For this project, I chose to explore some of the online data about Old Time Radio, which is usually defined as the radio shows that aired between 1920’s-early 1960’s. While there is a huge amount of information about these shows online, much of it is incomplete, difficult to access, and spread apart. I wanted to try to centralize some of this information and use visualization to explore the dominant personalities within the data set as well as the working relationships of the stars of OTR.

I chose to focus on the online Radio Logs from OTRSite.com, which are fairly comprehensive, but, as is typical with many of these sites, spread the data across separate show pages, lacking a combined database of all shows. In order to pull out the data, I wrote a two-part code using Beautiful Soup to first scrape the individual show URL’s from www.otrsite.com/radiolog/, saving them to a CSV file, and then looping through each URL to pull out chunks of text from each individual show page. As the site’s source code is almost entirely unstructured and minimally styled HTML, my code looked for any font tags with a size attribute of either 3 or 4, which contained both the show titles as well as any personalities appearing in the show. Due to the nature of the data, this code captures recurring stars on an overall show level rather than the casts of particular episodes. This data was written to a text file and then parsed using RegEx to pull out the show titles as well as the names of stars, announcers, and hosts from the extraneous text.

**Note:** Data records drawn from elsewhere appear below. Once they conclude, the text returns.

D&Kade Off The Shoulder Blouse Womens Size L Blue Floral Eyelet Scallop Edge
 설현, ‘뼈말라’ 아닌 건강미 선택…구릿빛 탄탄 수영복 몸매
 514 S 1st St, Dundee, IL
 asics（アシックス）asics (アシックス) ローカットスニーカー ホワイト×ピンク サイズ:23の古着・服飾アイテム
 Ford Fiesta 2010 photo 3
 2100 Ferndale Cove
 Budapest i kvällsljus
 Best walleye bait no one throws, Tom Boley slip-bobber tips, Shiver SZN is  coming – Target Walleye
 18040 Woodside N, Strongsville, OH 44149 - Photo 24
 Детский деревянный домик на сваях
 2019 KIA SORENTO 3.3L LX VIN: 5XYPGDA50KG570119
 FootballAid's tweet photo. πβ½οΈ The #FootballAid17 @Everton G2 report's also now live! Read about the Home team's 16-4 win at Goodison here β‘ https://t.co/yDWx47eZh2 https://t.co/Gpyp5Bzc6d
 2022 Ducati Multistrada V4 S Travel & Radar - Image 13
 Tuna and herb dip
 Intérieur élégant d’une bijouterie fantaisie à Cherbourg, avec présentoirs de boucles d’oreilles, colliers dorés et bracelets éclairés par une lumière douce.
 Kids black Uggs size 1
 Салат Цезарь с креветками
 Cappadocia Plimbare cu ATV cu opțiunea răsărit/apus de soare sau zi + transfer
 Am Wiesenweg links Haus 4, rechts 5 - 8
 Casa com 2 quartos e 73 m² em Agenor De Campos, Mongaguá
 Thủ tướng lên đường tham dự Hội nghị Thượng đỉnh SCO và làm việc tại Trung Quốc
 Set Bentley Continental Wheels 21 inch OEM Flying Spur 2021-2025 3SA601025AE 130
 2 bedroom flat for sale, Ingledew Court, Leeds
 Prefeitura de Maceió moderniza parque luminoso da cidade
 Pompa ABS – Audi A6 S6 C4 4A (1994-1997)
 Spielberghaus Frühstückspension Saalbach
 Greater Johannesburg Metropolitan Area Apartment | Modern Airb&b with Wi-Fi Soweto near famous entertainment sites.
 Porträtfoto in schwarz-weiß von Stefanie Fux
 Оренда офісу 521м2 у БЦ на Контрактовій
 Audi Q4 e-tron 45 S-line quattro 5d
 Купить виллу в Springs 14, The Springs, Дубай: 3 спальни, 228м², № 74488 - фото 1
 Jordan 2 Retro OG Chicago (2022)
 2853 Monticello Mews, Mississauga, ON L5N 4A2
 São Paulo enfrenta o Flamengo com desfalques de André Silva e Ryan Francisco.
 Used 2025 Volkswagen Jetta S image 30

After cleaning and normalizing my data, I loaded it into Tableau and found the top 50 personalities that appeared on the most shows. I then put those names into another CSV file along with links to their DBPedia page and wrote a final piece of code to access the JSON data from DBPedia and pull out the person’s biography. Any missing bio’s were filled out using data from IMDB.com. Finally, I manually looked up links to audio files on the Internet Archive and loaded all of my data into both Tableau and Gephi to create the visualizations seen on the PythonRadio website.